*MATERIAL FOR THE TASK*:
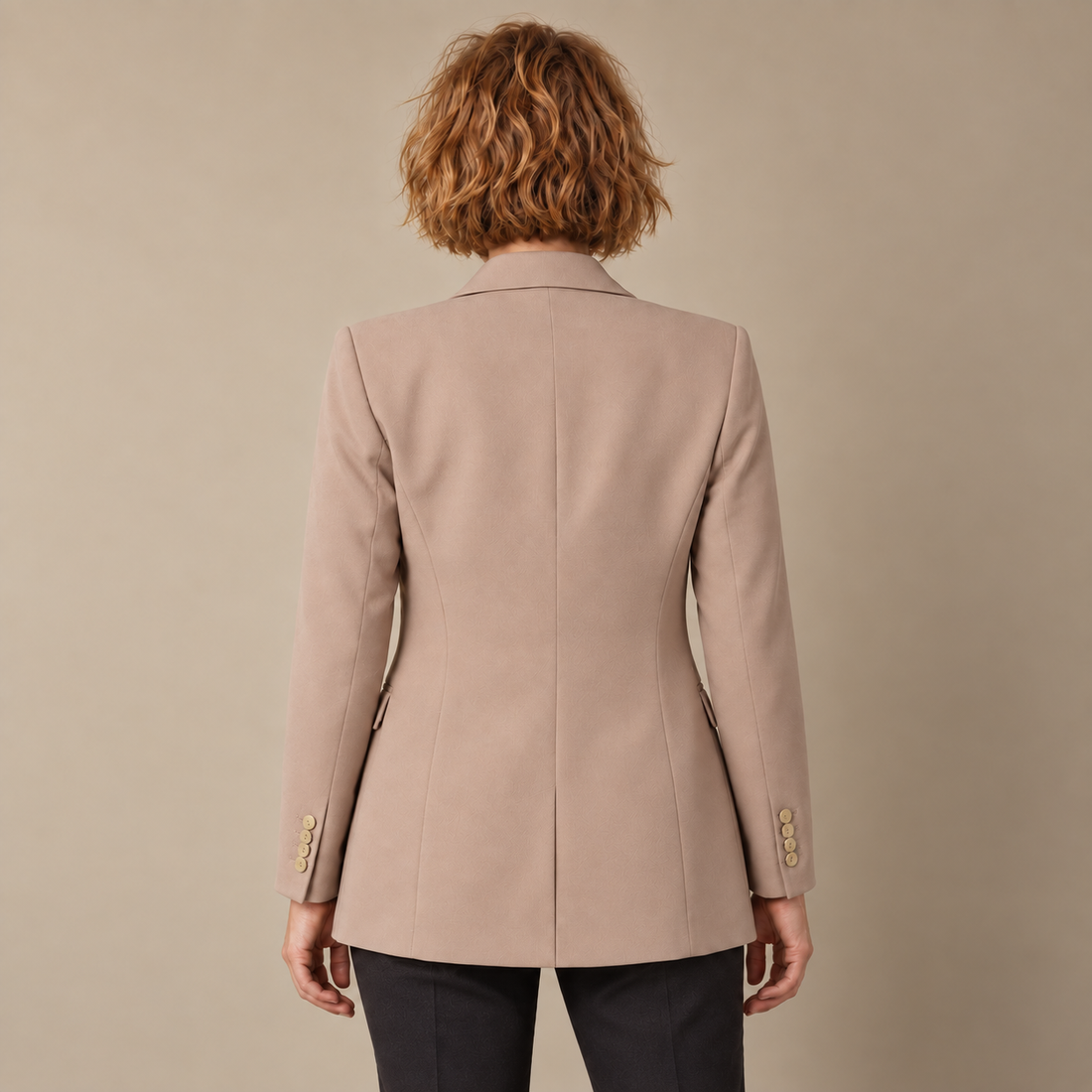 Dubbelrijige damesblazer met reverskraag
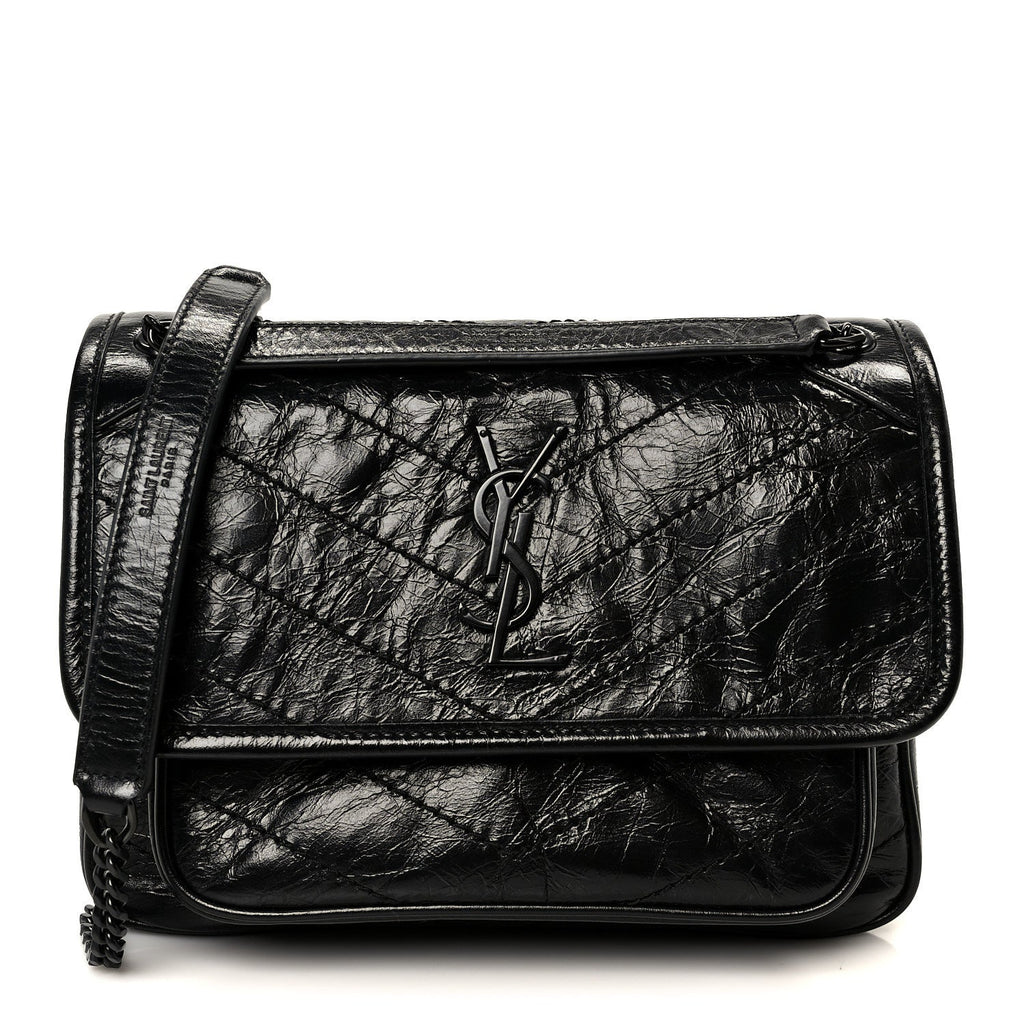 Crinkled Calfskin Matelasse Monogram Baby Niki Chain Satchel Black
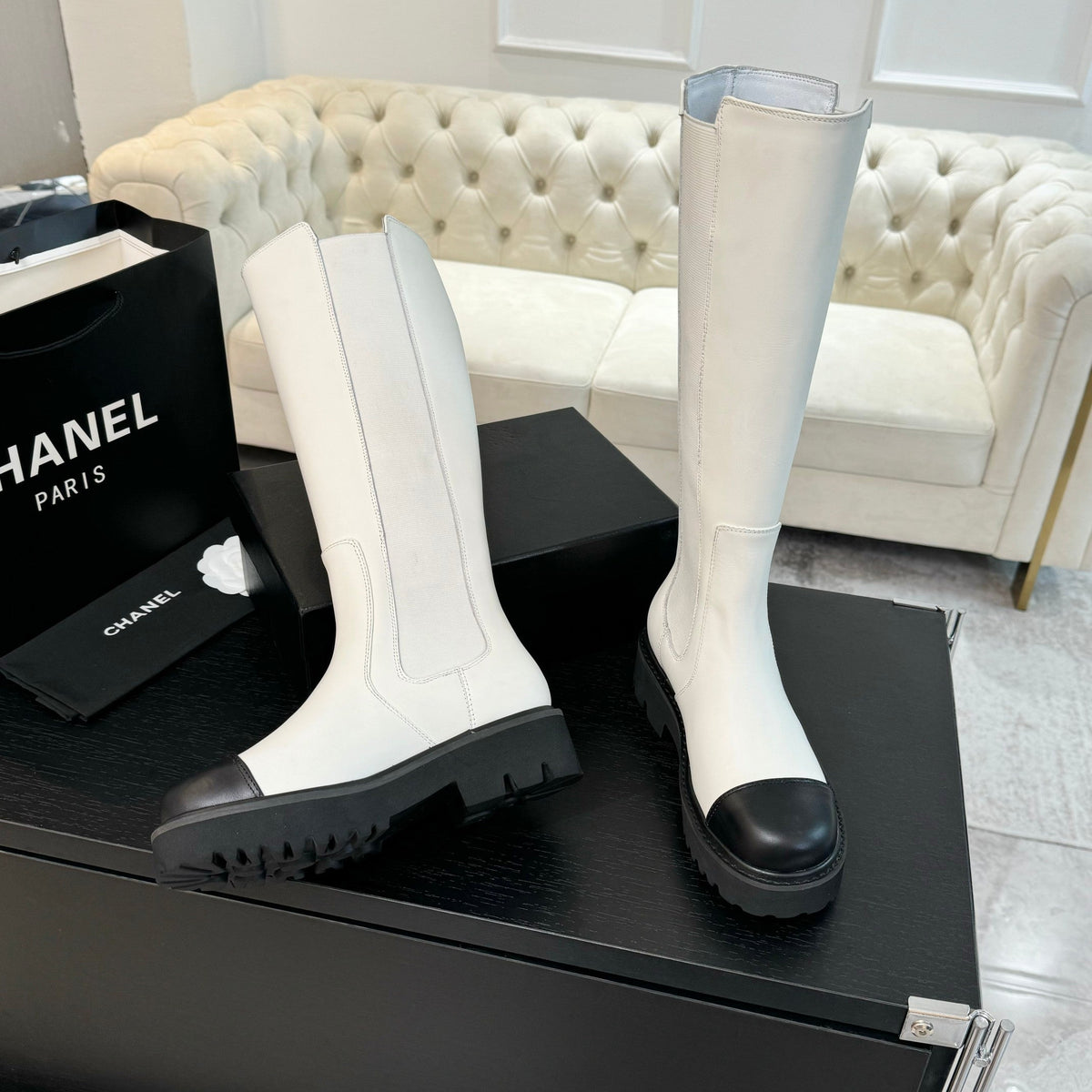 CC Chelsea High Boots White Cowhide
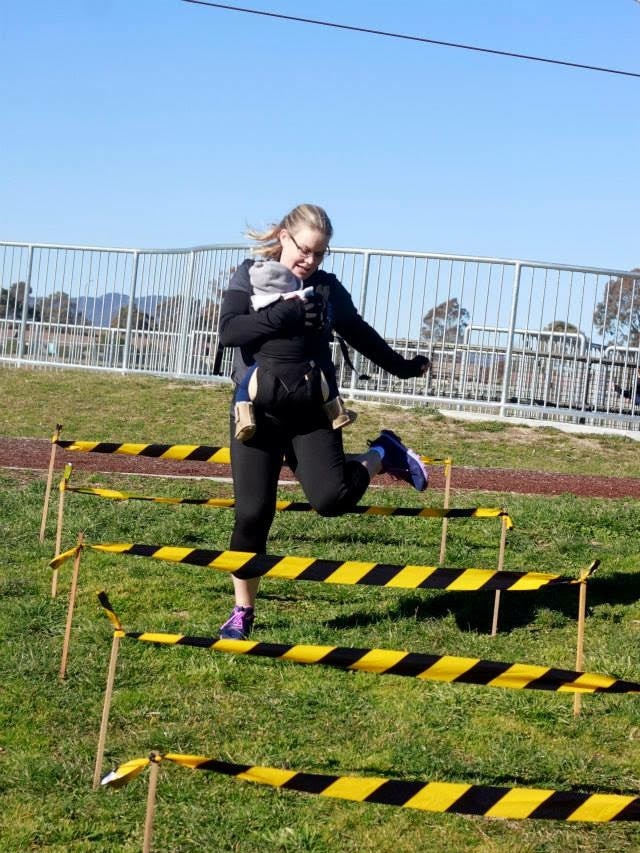 Jessica Noble running an obstacle course.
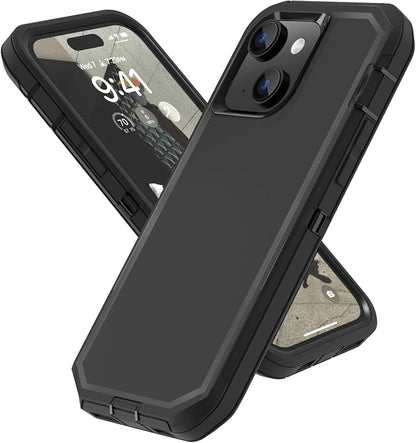 Sansunto for iPhone 16e Case, Protective Cover for 13, 14, 15, 16E 6.1", Heavy Duty Shockproof Drop Proof 3 in 1 Silicone Rubber Cover, Rugged Hybrid Durable Phone Cases for Men & Women (Black)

*WHAT IS NEEDED*:
In the copy, include exactly the lines from the one containing "Crinkled Calfskin Matelasse" through the last line of the records, and no pictures or other text.

*RESULT BELOW*:
 Crinkled Calfskin Matelasse Monogram Baby Niki Chain Satchel Black
 CC Chelsea High Boots White Cowhide
 Jessica Noble running an obstacle course.
 Sansunto for iPhone 16e Case, Protective Cover for 13, 14, 15, 16E 6.1", Heavy Duty Shockproof Drop Proof 3 in 1 Silicone Rubber Cover, Rugged Hybrid Durable Phone Cases for Men & Women (Black)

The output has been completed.